Il medio oriente storicamente è sempre stata una regione turbolenta ed è da tempo sinonimo di instabilità e incertezza, di una regione afflitta da guerre e rivolte, in cui violenze inter etniche, conflitti fra Stati e sollevazioni di movimenti nazionalisti si intrecciano pericolosamente a interventi esterni, crisi economiche e oscillazioni dei prezzi petroliferi.
Ad arricchire questa tavola imbandita ci ha pensato il regime saudita. Il 32enne principe ereditario Mohammed bin Salman è intenzionato a consolidare la sua base di potere dentro e fuori la monarchia.
Su scala regionale la conseguenza è l’inasprimento delle relazioni con l’Iran, su scala globale naturalmente non poteva che provocare l’innalzamento delle quotazioni del petrolio.
Dopo le dimissioni del premier libanese filo saudita Saad Hariri, in Arabia Saudita è accaduto qualcosa di peggio: decine tra principi, ministri e influenti uomini d’affari sono stati arrestati.
Naturalmente questo accadimento ha portato alla destituzione degli arrestati e due dei loro successori hanno già prestato giuramento di fronte all’81enne re Salman, anche lui in procinto di lasciare il posto al giovane erede al trono Bin Salman, l’artefice di questo terremoto politico e formale accusatore delle ingerenze dell’Iran negli affari arabi, in particolare in quelli libanesi e yemeniti.

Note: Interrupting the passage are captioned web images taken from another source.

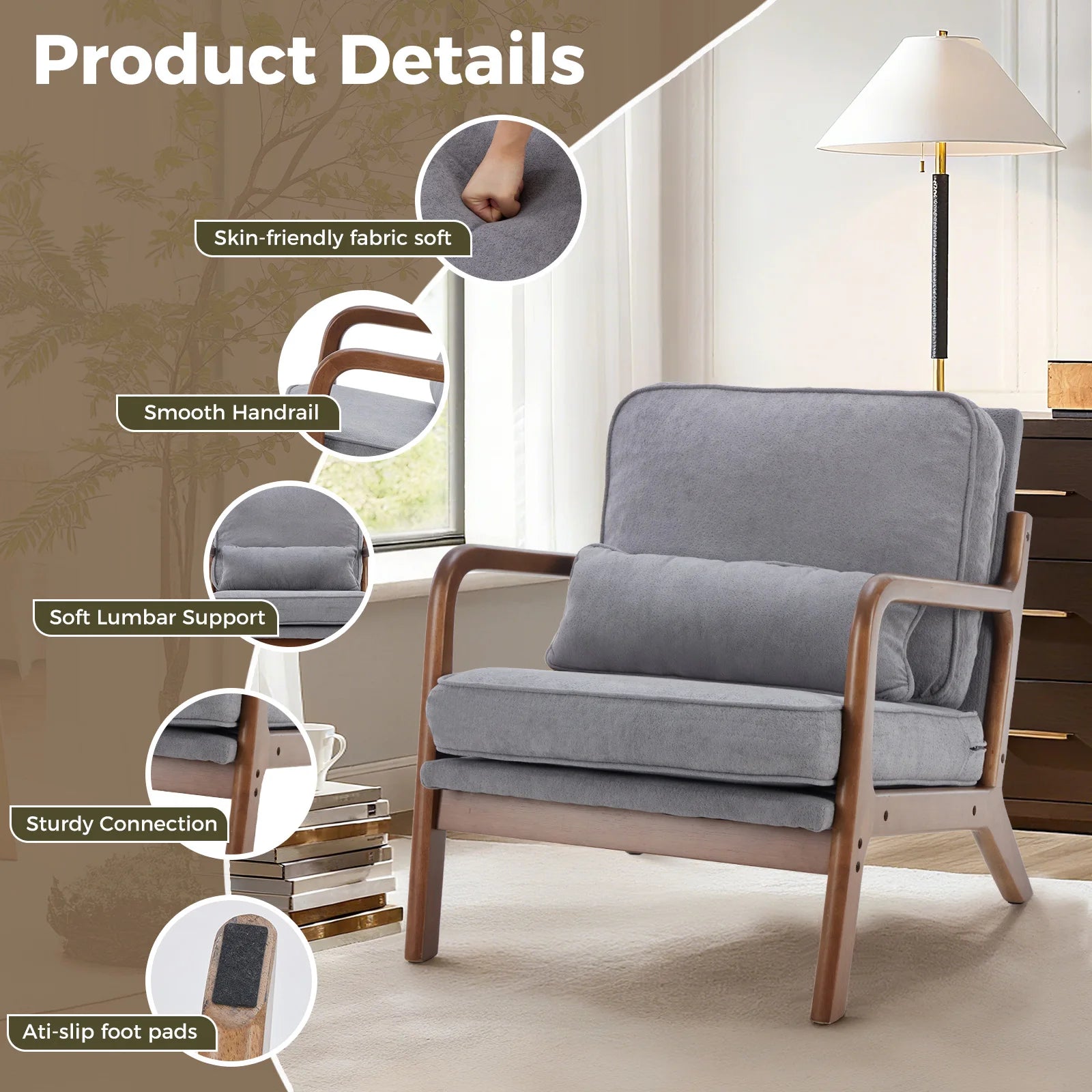 JHK Mid Century Modern Chair Solid Wooden Frame Accent Chair with Arms and Waist Cushion Reading Chairs for Adults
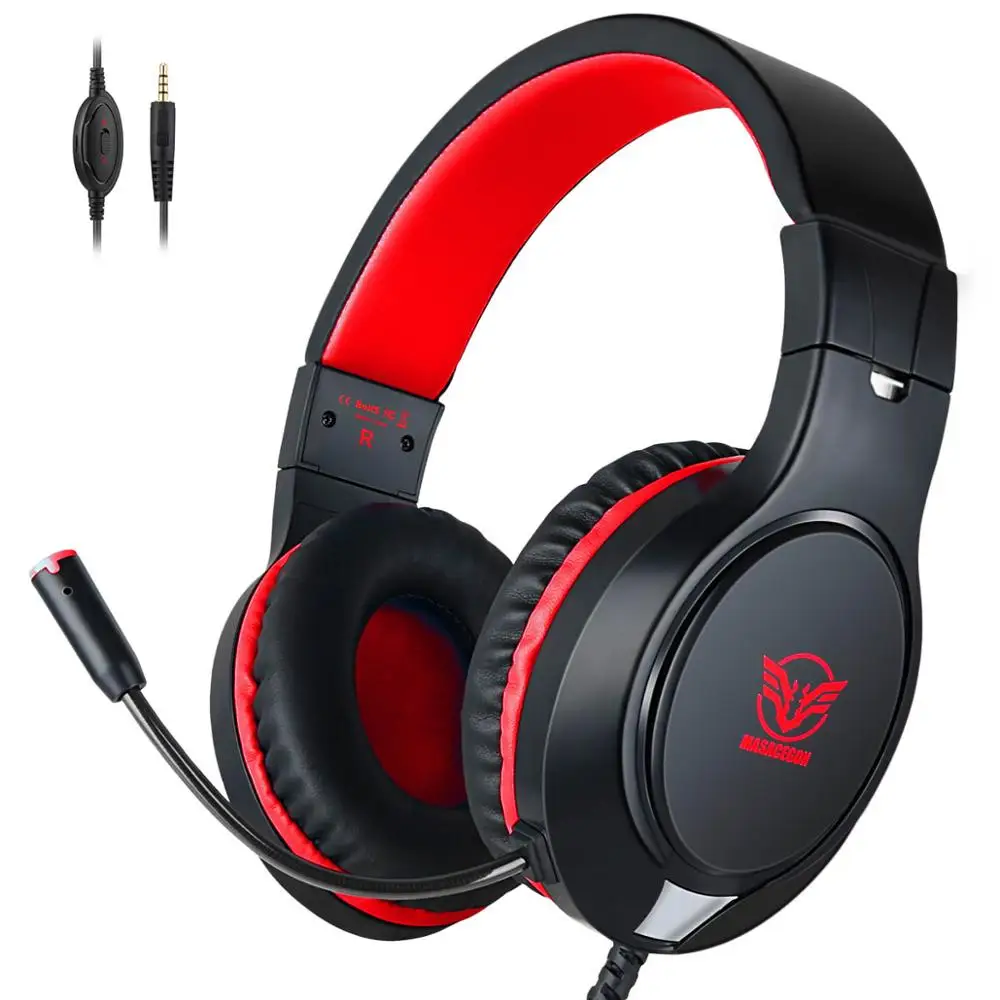 Red Masacegon оригинальные проводные наушники 3,5 мм, игровая гарнитура, музыкальные наушники для ПК, ноутбука, компьютера, мобильного телефона с микрофоном - Цвет: Red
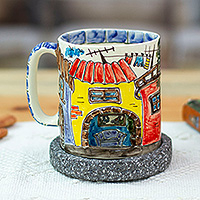 Ceramic and basalt decorative mug and saucer, 'Mexican Houses' - Ceramic Mexican Houses Decorative Mug with Basalt Saucer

Uguali accuse erano state rivolte dal premier dal premier dimissionario libanese Hariri nel suo discorso televisivo, riferendosi alle “interferenze” dell’Iran e del suo alleato in Libano, gli Hezbollah.
Non si è fatta attendere la risposta iraniana. Il ministro degli esteri Javad Zarif ha accusato l’Arabia Saudita di intraprendere guerre di aggressione, bullismo regionale, comportamento destabilizzante e provocazioni rischiose, ma accusa l’Iran per le conseguenze
Teheran ha negato ogni coinvolgimento con il missile sparato dagli insorti yemeniti e per bocca del leader degli Hezbollah libanesi, Hasan Nasrallah, ha tuonato che le dimissioni di Hariri sono l’effetto delle pressioni saudite.